Broad, but not Deep

After meditating on the subject for several weeks (okay, not meditating per se), I thought I would pass on these three jems I picked up from the 2009 Vancouver International Wine Festival:

  • Avoid people who ask to “try the chardy”, they just want to drink.
  • Pregnant women, even if you are a rep, and its your job to be there, should not be at wine festivals. We will still judge you.
  • Bring your own spit cup. You will be so much better off.

“Broad, but not deep” pretty much sums up how I feel about the event. It’s certainly a conflicting set of emotions I come away with. On the one hand, my personality and interest in wine desired the geeky discussions about specific subjects, asking the hard questions, and bringing forth worthy answers. But, I am still, in a big picture sense, a novice taster, and thus the opportunity this wine festival afforded me was invaluable.

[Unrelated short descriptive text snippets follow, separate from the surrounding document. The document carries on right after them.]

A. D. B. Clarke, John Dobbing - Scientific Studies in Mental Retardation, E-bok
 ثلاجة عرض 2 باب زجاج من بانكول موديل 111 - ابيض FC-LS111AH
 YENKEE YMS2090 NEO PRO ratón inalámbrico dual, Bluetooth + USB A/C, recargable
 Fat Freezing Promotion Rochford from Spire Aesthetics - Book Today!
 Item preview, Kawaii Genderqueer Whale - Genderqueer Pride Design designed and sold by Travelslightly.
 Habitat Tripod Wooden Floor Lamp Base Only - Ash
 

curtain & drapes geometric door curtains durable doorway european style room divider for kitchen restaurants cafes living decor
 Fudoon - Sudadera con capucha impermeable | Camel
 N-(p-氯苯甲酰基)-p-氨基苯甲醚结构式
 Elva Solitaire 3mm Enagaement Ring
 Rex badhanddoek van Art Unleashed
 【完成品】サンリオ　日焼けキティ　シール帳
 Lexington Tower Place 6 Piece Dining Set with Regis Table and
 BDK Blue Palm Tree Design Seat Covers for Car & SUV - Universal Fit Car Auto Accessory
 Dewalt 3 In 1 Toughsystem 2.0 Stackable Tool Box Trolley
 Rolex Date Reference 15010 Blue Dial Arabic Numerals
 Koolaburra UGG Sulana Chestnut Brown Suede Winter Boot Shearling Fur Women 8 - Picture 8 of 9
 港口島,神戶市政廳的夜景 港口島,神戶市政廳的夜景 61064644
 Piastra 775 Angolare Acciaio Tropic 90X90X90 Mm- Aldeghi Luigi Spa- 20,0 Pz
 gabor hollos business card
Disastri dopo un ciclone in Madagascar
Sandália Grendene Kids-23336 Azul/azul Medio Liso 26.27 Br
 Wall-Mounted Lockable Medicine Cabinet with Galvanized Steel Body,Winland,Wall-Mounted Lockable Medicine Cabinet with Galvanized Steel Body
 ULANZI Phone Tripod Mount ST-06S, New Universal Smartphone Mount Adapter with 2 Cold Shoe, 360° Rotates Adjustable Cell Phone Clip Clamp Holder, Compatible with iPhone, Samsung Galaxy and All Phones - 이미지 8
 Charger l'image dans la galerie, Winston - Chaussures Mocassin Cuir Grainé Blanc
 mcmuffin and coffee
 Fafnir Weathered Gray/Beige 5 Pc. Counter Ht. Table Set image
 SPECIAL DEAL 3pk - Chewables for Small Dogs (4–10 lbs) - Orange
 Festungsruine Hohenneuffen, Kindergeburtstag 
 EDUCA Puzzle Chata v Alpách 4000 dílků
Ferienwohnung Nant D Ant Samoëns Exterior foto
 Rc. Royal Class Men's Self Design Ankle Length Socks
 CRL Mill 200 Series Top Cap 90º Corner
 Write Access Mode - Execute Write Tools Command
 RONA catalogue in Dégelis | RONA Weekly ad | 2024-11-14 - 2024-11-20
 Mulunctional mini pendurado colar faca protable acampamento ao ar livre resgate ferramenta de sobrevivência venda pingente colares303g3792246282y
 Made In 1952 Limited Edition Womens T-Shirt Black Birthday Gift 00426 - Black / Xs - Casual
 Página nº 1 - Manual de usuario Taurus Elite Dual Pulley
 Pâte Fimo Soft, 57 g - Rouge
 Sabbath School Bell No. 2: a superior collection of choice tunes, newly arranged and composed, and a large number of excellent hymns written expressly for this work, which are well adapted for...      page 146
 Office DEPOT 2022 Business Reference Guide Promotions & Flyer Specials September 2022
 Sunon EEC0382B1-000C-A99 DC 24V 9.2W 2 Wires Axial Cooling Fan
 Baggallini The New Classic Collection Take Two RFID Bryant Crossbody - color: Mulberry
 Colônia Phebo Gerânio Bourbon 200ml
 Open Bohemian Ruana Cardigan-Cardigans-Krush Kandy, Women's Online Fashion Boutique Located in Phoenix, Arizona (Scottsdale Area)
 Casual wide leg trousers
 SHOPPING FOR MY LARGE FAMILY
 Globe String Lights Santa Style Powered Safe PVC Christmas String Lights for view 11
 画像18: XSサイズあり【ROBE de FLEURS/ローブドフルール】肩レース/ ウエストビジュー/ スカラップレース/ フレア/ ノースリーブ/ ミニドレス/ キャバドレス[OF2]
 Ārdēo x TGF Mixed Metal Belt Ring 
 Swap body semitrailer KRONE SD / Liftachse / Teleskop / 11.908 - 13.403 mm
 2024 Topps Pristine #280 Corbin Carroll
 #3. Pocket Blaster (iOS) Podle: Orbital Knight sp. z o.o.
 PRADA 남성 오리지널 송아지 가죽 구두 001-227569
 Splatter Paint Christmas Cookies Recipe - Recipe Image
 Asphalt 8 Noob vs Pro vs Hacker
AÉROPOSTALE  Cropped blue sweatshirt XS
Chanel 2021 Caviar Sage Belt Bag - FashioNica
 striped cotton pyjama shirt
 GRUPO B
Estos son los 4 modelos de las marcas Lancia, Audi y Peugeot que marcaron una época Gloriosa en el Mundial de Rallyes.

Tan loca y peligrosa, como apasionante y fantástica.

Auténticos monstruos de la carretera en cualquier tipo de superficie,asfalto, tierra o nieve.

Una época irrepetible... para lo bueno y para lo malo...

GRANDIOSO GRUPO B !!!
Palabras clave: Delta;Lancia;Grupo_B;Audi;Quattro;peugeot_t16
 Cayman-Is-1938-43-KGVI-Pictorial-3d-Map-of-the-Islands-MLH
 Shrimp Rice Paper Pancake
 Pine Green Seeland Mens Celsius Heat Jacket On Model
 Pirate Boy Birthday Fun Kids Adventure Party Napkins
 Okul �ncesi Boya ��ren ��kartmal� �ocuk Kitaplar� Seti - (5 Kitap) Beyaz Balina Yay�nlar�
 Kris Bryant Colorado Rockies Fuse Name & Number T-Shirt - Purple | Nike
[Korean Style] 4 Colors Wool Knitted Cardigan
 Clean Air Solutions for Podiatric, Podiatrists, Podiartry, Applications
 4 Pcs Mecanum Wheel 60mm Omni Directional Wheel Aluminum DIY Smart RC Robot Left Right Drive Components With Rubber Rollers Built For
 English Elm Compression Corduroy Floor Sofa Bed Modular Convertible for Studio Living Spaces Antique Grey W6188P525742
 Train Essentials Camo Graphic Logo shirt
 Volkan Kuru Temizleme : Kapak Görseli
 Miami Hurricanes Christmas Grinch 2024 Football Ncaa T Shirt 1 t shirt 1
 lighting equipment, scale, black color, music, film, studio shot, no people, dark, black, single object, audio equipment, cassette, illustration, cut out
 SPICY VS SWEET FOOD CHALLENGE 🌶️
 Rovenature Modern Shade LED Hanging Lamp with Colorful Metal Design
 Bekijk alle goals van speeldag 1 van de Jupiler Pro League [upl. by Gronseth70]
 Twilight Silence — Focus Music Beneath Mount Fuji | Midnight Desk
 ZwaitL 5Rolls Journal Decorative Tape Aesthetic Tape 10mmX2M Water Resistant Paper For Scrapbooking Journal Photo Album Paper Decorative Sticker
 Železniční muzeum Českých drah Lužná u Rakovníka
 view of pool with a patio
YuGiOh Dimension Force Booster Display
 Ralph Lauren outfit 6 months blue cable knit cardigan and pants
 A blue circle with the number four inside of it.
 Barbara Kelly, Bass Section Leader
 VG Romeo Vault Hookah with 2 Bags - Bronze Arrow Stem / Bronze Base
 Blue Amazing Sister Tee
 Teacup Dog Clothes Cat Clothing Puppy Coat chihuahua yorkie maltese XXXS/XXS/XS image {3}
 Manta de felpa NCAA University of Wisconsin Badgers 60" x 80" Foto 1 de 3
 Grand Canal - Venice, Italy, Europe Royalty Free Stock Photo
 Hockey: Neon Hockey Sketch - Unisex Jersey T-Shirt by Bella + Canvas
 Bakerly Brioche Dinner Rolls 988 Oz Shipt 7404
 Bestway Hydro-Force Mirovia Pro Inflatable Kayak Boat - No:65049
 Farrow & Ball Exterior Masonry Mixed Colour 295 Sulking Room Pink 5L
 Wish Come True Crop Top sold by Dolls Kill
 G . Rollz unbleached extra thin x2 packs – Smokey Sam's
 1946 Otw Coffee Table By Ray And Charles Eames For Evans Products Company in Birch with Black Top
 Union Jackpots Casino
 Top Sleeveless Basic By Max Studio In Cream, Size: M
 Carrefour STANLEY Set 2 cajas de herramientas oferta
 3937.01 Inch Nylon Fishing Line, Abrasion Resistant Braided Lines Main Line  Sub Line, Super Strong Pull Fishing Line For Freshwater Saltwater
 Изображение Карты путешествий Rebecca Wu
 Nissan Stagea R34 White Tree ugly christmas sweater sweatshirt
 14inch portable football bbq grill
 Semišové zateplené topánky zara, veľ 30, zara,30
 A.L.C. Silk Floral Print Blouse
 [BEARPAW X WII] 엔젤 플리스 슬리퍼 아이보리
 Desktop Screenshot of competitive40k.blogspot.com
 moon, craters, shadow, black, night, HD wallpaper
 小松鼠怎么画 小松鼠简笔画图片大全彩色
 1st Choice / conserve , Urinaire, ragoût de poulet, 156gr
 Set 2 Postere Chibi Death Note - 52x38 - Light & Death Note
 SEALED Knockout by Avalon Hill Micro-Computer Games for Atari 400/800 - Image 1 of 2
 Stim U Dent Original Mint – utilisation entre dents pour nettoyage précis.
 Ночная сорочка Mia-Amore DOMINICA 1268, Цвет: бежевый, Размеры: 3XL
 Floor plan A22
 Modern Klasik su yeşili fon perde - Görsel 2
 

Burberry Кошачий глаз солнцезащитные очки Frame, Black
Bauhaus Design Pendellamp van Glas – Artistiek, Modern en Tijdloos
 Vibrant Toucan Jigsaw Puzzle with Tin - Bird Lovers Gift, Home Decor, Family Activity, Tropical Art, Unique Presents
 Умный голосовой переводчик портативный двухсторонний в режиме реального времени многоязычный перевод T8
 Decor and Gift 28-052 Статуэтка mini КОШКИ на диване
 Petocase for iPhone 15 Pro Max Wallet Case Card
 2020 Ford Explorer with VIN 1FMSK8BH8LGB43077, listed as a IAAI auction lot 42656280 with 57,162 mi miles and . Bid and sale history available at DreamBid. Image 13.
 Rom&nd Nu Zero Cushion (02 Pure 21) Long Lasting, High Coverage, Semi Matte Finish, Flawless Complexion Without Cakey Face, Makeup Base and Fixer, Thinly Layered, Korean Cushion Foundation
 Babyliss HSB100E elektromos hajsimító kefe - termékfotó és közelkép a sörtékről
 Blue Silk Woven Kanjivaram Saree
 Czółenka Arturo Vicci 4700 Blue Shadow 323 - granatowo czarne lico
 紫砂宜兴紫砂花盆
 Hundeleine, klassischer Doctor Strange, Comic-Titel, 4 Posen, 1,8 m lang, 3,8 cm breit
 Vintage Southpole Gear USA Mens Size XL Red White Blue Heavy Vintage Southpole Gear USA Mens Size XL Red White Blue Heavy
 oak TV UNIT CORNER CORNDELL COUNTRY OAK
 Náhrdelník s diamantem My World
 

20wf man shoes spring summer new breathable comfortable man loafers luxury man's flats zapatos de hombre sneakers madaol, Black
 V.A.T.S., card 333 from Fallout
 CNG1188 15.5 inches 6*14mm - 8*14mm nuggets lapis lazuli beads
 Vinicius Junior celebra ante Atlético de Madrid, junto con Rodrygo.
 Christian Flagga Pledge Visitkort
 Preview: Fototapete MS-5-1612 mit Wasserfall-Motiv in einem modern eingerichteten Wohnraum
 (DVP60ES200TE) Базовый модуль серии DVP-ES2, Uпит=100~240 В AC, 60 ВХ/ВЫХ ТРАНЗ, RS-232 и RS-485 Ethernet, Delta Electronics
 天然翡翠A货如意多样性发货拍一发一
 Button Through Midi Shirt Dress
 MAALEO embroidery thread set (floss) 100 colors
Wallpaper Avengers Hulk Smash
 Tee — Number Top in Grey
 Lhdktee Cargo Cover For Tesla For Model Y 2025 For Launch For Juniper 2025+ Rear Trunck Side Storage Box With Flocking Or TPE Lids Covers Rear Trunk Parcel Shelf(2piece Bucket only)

By volunteering, I was able to get a free ticket to the International Tasting Room, and sit in on two seminars. Thursday (March 26th) I toured the tasting hall, with over 175 booths, pouring some 8800+ wines. I chose to limit my tour to French producers with a handful of Californian wines thrown in for good measure. Clearly, I have a slanted perspective, and I know I missed out on opening my horizons more to Italian and Spanish wines.

Even with the opportunity to try some fantastic 1er Cru and Grand Cru Burgundy and Alsace wines, I was frustrated by the distracting environment, which was noisy, poorly lit (yes, they dimmed the room) and crowded (which made getting to the spittoons difficult.)Crowded!

Another frustration was the lack of meaningful organization. The hall was divided into two man areas; BC wines and everybody else. These two groups were then organized alphabetically. This made the tasting hall very schizophrenic, with big reds next to elegant whites, and silky reds next to flabby whites. Although I had drafted out a rough plan for the evening, and highlighted several producers I wanted to see, I could have used another 2 hours to plan the attack. There were some excellent whites (Monrachets and Corton-Charlemange) which were dulled, if not lost to me due to tannin fatigue. The flip side of this is the joy of finding something unexpected that stands out. This happened to me with a Morgan from Domaine Piron. The wine was fragrant and compelling, and stood out because of its unassuming but well composed harmony.

The interesting thing is that the lack of organization made no difference to the BC section. The seminar on Saturday, Icons of B.C, demonstrated this well. Aside from the lack of cohession to the group the wines poured, it felt self congratulatory, especially with the winemakers present. And besides the moderators and winemakers, no one else choose to speak about these wines or even ask questions. The Okanagan Valley is one of the youngest wine producing areas in the world. It does produce a handful of quality and interesting wines (generally aromatic whites), but on the whole, the region is too untested, too small, too inconsistent and too overpriced to take itself as seriously as it does. On a positive note, by highlighting B.C. wines as one of the themes this year, the Wine Festival may have exposed the faults and strenghts of the this wine region. Hopefully this will encourage people in the region to focus on the strenghts, and it will encourage to demand better results from their local producers, especially when offered so much choice from the international market.